А где-то там, не узнанное всеми,
Усталое, в лохмотьях и с сумой,
По подворотням пробиралось время
К последней точке на конце прямой.


* * *
Стремясь найти знакомые черты,
По стынущей земле бродя без цели,
Во всем живом мы ищем параллели
И жаждем разделенной широты.
Законы сочетания просты
И сообразны ритмам в нашем теле.

Но мир растений ограничен кругом
Какого-то иного божества,
Где звуки не слагаются в слова,
И строки не рифмуются друг с другом,
И свет заката над замерзшим лугом
Горит, как подожженная трава.


* * *
Сухой цветок нам попадает в руки
И рассыпается, сады сжигает солнце,
Пески пустыни поглощают звуки,
Проходит всё, но что-то остается.

Не то, что застывает, холодея,
Там, на границе моря и песка,
Где Минотавр живет внутри Тесея,
Где увяданье спит в стебле цветка;

Не то, что разбивает или делит,
Не то, что чертит ось координат,
Не то, что разрушает ради цели,
Не то, что вопрошает, как Пилат.

Пал Лабиринт.

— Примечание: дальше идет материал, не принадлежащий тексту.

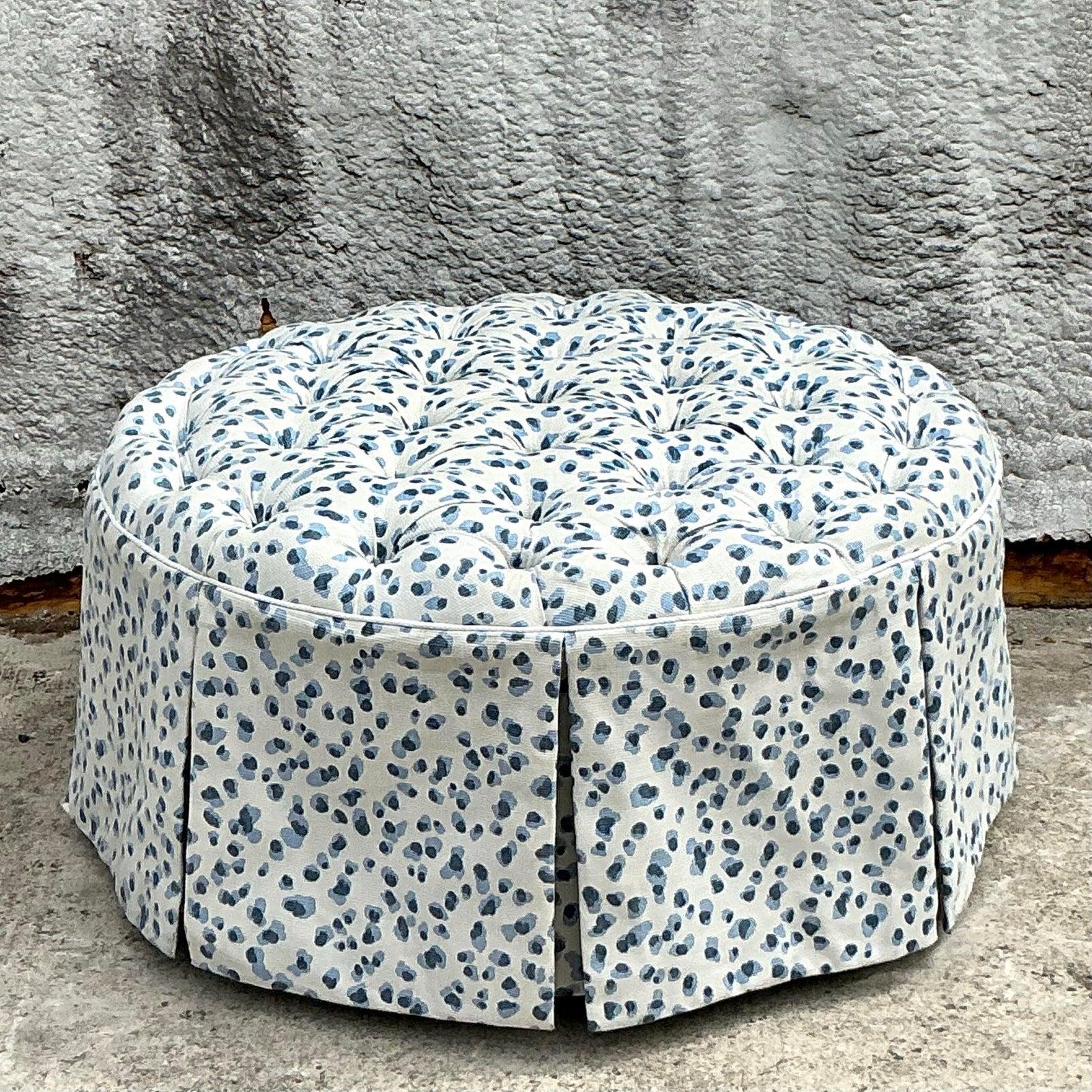 Bringen Sie einen Hauch von zeitloser Eleganz in Ihr Zuhause mit diesem Vintage Regency Ballard Design Hayes 37 Tufted Ottoman, eine perfekte Mischung aus klassischer Raffinesse und modernem Charme. Die Ottomane mit luxuriösem blau-weißem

К вернувшимся обратно
То, мимо пепла, выйдет наконец,
Что, в этот раз назвавшись Ариадной,
Сплело клубок и возвело дворец.


* * *
Я полагаю, есть граница
Всех заблуждений, и она
Через последнюю страницу —
Ad marginem — проведена.

Когда закончатся абзацы
Последних глав, да будет свет
Погашен, ибо продолжаться
Не может мысль, которой нет.

Да, свет погашен. Это мудро,
А не печально — потому,
Что вслед за ночью входит утро —
Зачем светильники ему?


Профессор Калачёв

Профессор Калачёв был антрополог.
Он ловил черепа и ключицы в силок.
Он искал вещдоки везде, где только мог.
Он хотел уложиться в короткие сроки,
Он был волевым и спокойным, как бог.
Профессор Калачёв выходил к доске,
И от двери до окна он скитался в тоске.
Он верил в могущество орудий труда
Как в то, что было, и есть, и будет всегда.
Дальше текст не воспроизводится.